[Web page caption snippets]
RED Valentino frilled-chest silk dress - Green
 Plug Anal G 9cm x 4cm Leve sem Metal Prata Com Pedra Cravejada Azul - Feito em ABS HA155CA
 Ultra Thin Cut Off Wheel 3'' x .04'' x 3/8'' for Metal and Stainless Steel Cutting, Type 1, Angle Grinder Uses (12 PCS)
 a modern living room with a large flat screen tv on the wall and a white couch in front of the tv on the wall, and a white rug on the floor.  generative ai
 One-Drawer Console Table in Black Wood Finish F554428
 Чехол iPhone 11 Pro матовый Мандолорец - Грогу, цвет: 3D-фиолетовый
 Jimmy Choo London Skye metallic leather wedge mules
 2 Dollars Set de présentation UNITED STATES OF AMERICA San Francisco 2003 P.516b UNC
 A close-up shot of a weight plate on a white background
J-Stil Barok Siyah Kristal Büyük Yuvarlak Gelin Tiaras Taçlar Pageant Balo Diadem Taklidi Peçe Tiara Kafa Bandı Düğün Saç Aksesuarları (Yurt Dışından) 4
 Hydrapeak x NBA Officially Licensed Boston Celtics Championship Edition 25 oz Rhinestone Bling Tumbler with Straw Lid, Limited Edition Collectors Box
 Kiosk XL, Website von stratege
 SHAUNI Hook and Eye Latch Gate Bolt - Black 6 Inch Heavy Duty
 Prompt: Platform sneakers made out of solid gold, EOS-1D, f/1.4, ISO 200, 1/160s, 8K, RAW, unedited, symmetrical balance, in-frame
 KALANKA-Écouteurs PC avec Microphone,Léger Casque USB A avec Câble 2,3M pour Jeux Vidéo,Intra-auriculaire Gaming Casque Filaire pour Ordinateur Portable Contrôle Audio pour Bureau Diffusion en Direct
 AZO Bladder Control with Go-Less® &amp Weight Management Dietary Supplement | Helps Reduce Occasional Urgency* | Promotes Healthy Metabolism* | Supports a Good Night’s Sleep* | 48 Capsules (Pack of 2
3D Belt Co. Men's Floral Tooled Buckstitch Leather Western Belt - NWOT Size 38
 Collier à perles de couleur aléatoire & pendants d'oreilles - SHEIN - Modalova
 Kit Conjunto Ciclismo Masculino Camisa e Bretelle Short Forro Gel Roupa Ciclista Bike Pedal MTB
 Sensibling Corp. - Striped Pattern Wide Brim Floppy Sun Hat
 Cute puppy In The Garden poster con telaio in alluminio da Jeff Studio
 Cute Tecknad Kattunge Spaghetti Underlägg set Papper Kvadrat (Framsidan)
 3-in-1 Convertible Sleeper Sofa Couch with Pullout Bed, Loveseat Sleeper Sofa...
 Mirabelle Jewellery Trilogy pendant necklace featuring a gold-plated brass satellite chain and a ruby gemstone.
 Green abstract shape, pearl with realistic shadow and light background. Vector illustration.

**Exercise requirements**
Beginning at the line above with "2 Dollars Set" and finishing at the line with "Kiosk XL, Website von stratege", return each line exactly and return nothing else.

**Written answer**
 2 Dollars Set de présentation UNITED STATES OF AMERICA San Francisco 2003 P.516b UNC
 A close-up shot of a weight plate on a white background
J-Stil Barok Siyah Kristal Büyük Yuvarlak Gelin Tiaras Taçlar Pageant Balo Diadem Taklidi Peçe Tiara Kafa Bandı Düğün Saç Aksesuarları (Yurt Dışından) 4
 Hydrapeak x NBA Officially Licensed Boston Celtics Championship Edition 25 oz Rhinestone Bling Tumbler with Straw Lid, Limited Edition Collectors Box
 Kiosk XL, Website von stratege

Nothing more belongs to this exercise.